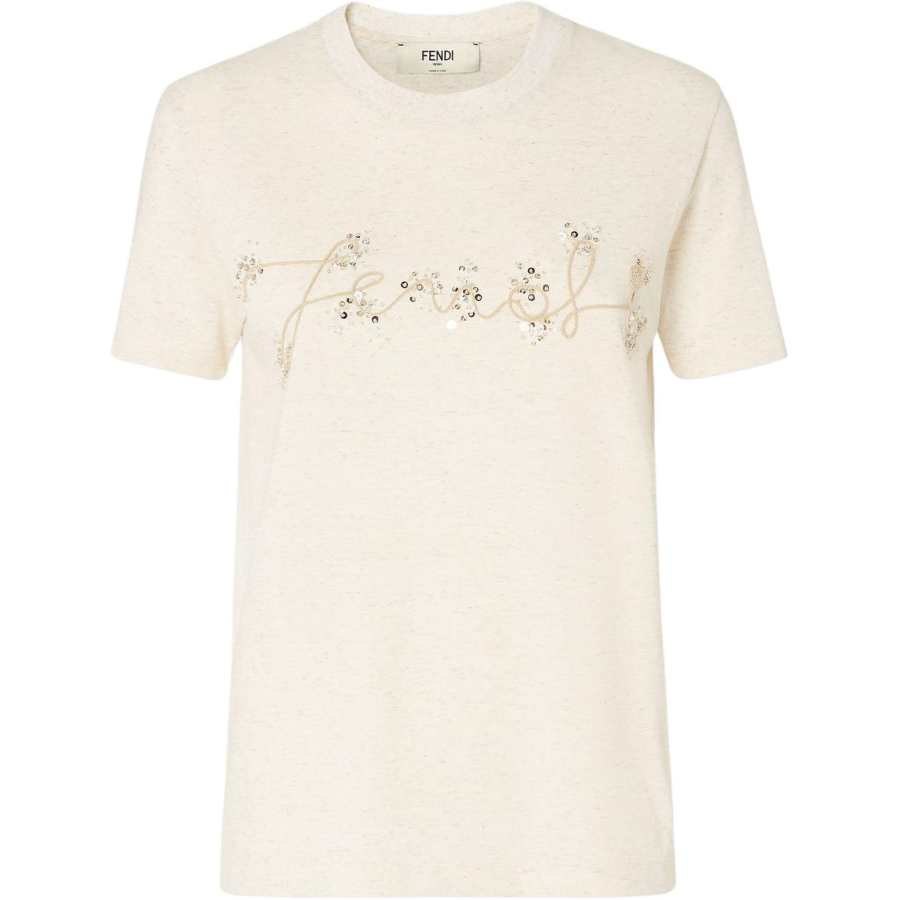 FENDI FW25 Regular Sleeve T Shirt Women's Beige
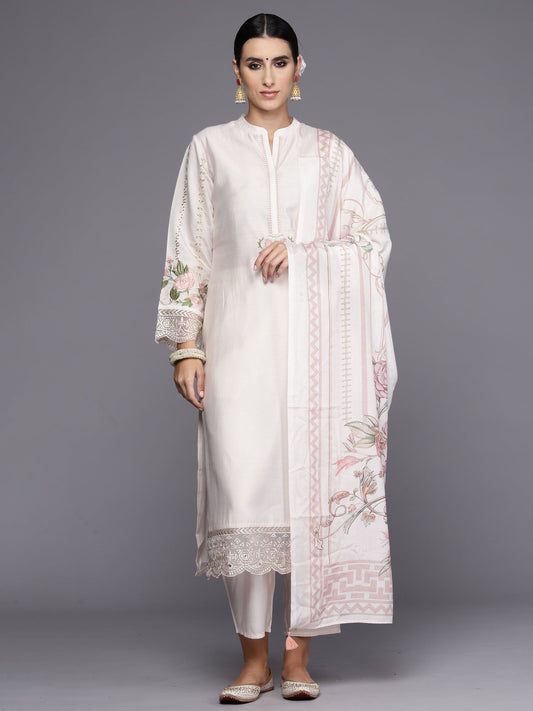 Women White Embroidered Straight Kurta Trousers With Dupatta Set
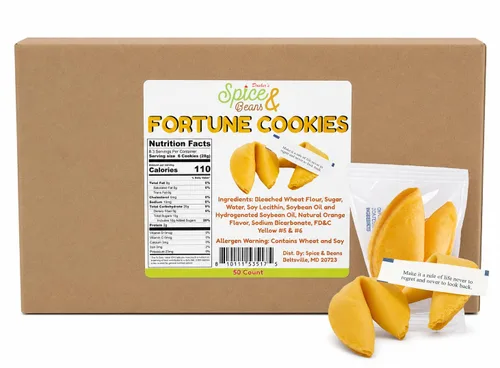 Bulk Fortune Cookies 50 unidades | Kosher Fortune Cookie Party Favores | Año Nuevo chino, restaurantes, eventos, folletos y postres | Embalaje de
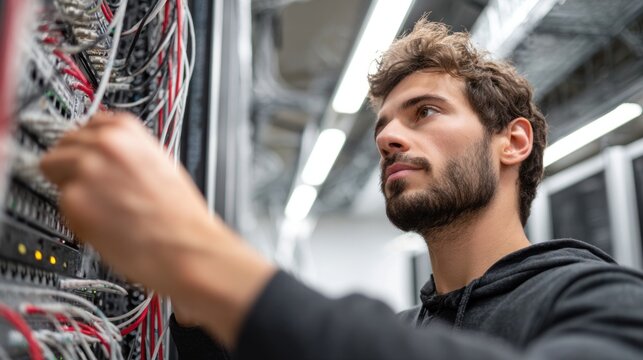 A technician works intently with cables in a server room, demonstrating expertise in managing complex data infrastructure.
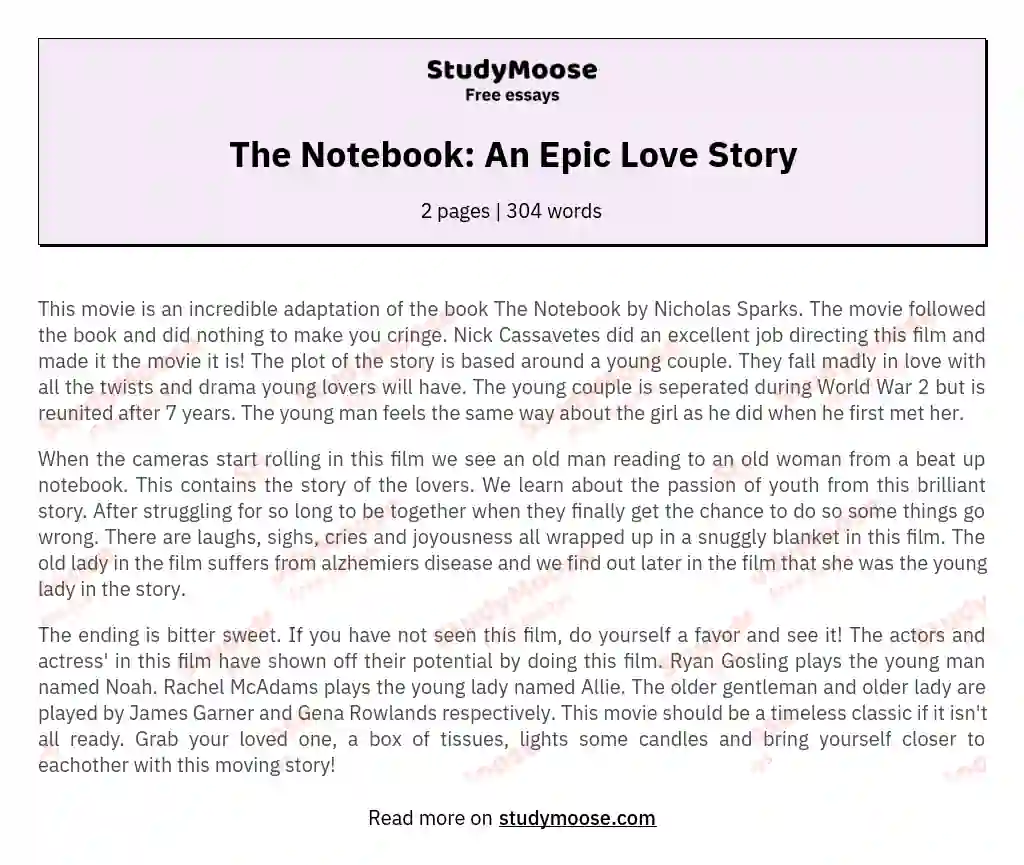 The Notebook: An Epic Love Story essay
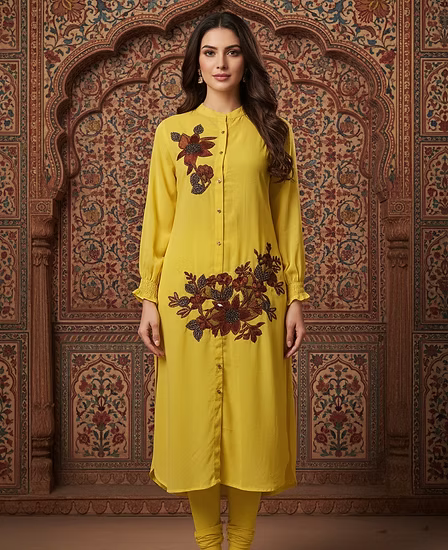 Mustard Yellow Floral Embroidered Kurta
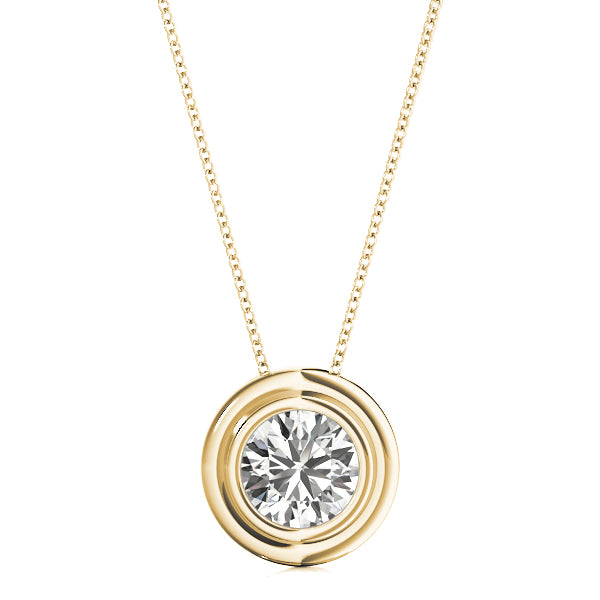 Lily Bezel Round Solitaire Pendant in 10K Yellow Gold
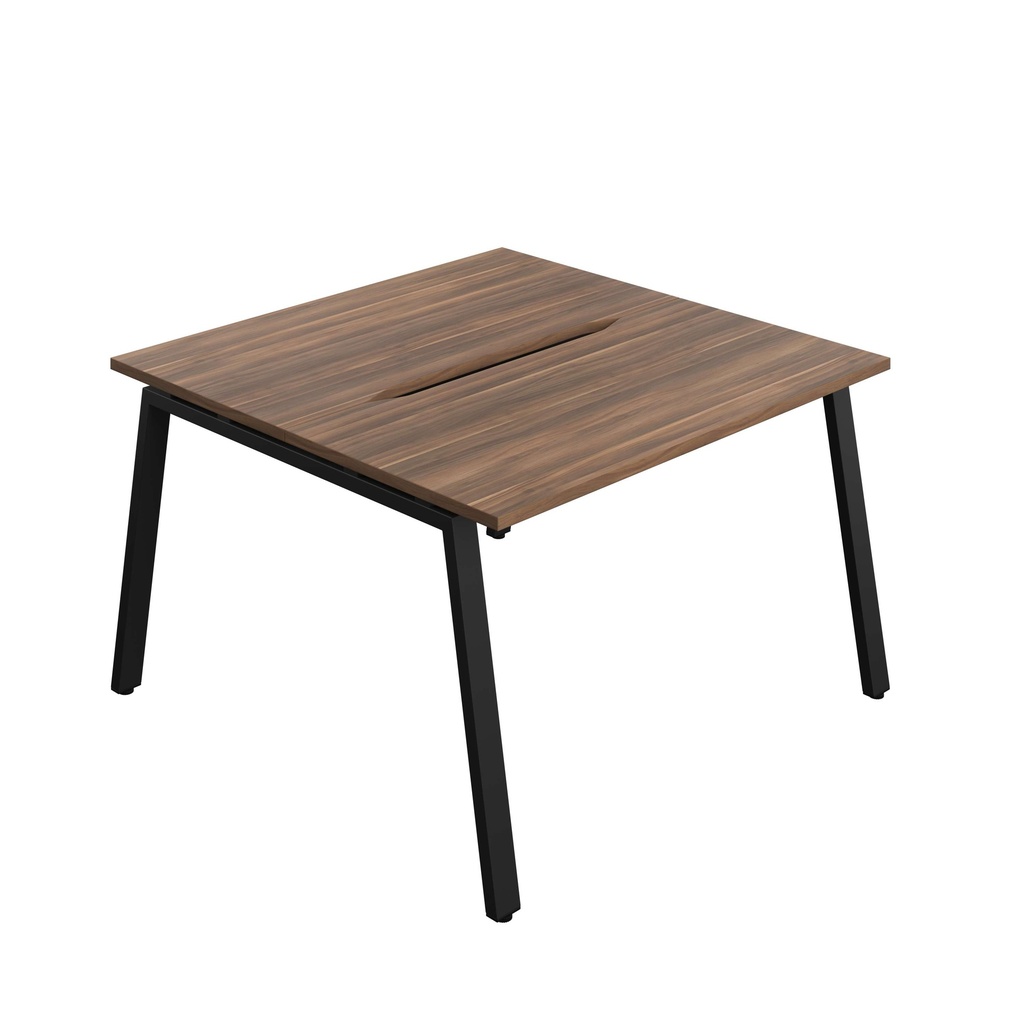 Synergy Bench With Cut Out: 2 Person (Fsc) | A-Frame Leg | 1200 X 700 | Dark Walnut/Black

:::

EXERCISE DETAILS
Leave out the pictures and repeat the lines from the start of the material through the line with "Bulk Fortune Cookies", inclusive.

SOLUTION FOR THIS EXERCISE
 FENDI FW25 Regular Sleeve T Shirt Women's Beige
 Women White Embroidered Straight Kurta Trousers With Dupatta Set
 Bulk Fortune Cookies 50 unidades | Kosher Fortune Cookie Party Favores | Año Nuevo chino, restaurantes, eventos, folletos y postres | Embalaje de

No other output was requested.